(Short text fragments from websites)
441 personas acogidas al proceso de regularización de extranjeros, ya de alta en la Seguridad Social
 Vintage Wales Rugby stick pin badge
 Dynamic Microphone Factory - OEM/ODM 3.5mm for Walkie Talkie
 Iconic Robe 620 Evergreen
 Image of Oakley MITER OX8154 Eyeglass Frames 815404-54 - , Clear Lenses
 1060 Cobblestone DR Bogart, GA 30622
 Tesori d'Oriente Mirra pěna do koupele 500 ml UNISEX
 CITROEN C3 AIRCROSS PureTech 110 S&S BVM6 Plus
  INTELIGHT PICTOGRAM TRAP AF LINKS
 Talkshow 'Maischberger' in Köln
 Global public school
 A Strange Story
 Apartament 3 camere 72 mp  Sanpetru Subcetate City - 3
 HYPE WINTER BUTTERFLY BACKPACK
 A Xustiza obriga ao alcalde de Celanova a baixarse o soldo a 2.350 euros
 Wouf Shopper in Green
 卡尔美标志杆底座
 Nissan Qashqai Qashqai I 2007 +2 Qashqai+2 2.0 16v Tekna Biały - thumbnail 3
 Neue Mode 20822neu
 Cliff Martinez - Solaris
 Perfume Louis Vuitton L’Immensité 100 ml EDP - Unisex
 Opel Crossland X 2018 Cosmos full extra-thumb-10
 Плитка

[Problem to solve] What are the lines from the one with "Nissan Qashqai Qashqai" through the end of the records above? Set them down exactly, both ends included, and nothing else.

[Solved problem]
 Nissan Qashqai Qashqai I 2007 +2 Qashqai+2 2.0 16v Tekna Biały - thumbnail 3
 Neue Mode 20822neu
 Cliff Martinez - Solaris
 Perfume Louis Vuitton L’Immensité 100 ml EDP - Unisex
 Opel Crossland X 2018 Cosmos full extra-thumb-10
 Плитка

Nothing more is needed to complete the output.